I have a few friends that no matter how hard I try to teach them these things just refuse to get on board due to ingrained fear of carbohydrates. Their loss.
Agree. When I tell the guys I ride with my diet is around 75% carbs and I have 150g of sugar in my bottle they shake their heads and call be a diabetic. I’m 6ft and 145lb. Then they accuse me jokingly of using drugs because of how fast I am. Go figure.
If they saw my recovery drink they would die. Oats, soy milk, golden syrup, banana, cacao powder and a massive pile of coco puffs on top.
It does surprise me how many just drink water and think that is all they need
Some new things in detail, and some things we’ve heard here like Amber saying “Don’t stop eating in the last hour of your race…”
TLDR it’s training just like strength and aerobic.
Did you mean to reply to me?
To the thread and agreeing with you that TR has covered many of the same topics…
Nice article. And also good to hear similar information presented slightly differently. Helps hammer home the core principles.
Speaking of hammer, I first learned about nutrition from club mates after bonking 80 miles into my first ever century in 1996. One of the guys handed me a jar of Hammer Perpeteum with a couple servings left, and told me to try it on my next long weekend training ride. Then reading the Time Crunched Cyclist book and CTS blogs.
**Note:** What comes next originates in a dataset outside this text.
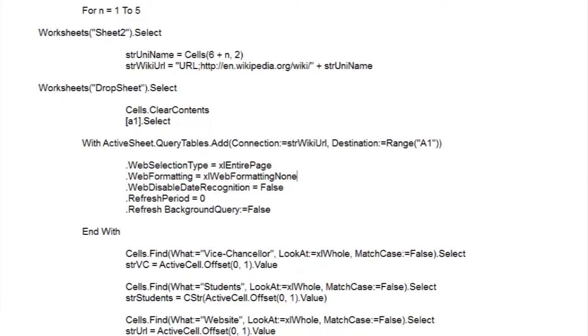Now we set up the for-next loop to drop down through the five rows of our table, picking up a university name each time round. We then create a connection URL for our query table. Notice how this is made up with URL in capitals at the beginning of the string, followed unusually for Visual Basic by a semicolon, followed by the main body of the Wikipedia URL and the university name.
And a couple years experimenting to find what works best for me!
I know a lot of people knock Perpetuem, but I actually liked it.
It worked but gave me gas, I ended up switching to Gu Roctane! #SayNoToVaporTrails
Perpetuem works but it gives me dry heaves … every single time regardless of flavor
not going to train my gut for that
Consuming higher GI, faster-digesting carbs will almost “turn off” the fat burning and switch your body to breaking down carbs for energy
I thought that the source of energy (carb/fat) was dependent on the intensity, not on what has just been eaten.
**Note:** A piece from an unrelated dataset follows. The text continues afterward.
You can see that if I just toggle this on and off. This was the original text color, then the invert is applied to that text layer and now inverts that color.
I believe Chad said as much on a podcast or two. It sure isn’t an on/off switch, but rather more of a curve. Also what you eat also impacts speed of digestion. I don’t recall the order, but eating say a tuna salad sandwich has slower clearance, so following it up with a gel 20 min later, well the gut is still working on the sandwich. The gel will have to wait its turn.
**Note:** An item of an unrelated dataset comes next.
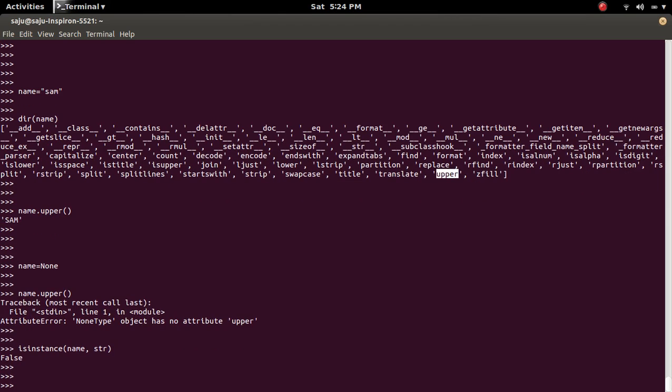name is not an object of str. Let me put it back.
Thank you for posting this WindWarrior. I used to coach people training for their first half and full distance triathlons. I can tell you that this is one of the hardest concepts to get across to them. A lot of them just think they will go out and train extra volume and that’s all there is to it. They don’t realize that once you have been exercising for over 2 hours, energy stores, not athletic ability, becomes the limiting factor.
I would often try to get across to them that the first time one does these distances they should not be racing others, the course, or the clock. It is instead a race against the body. One knows that their energy stores will eventually hit zero. You need to give yourself every advantage possible to complete the distance before that happens.
This article is an “easy to digest” summary that gets that point across rather well. I will refer my athletes to it if I ever get back into coaching.
Yep, They don’t call Unbound an eating contest for nothing.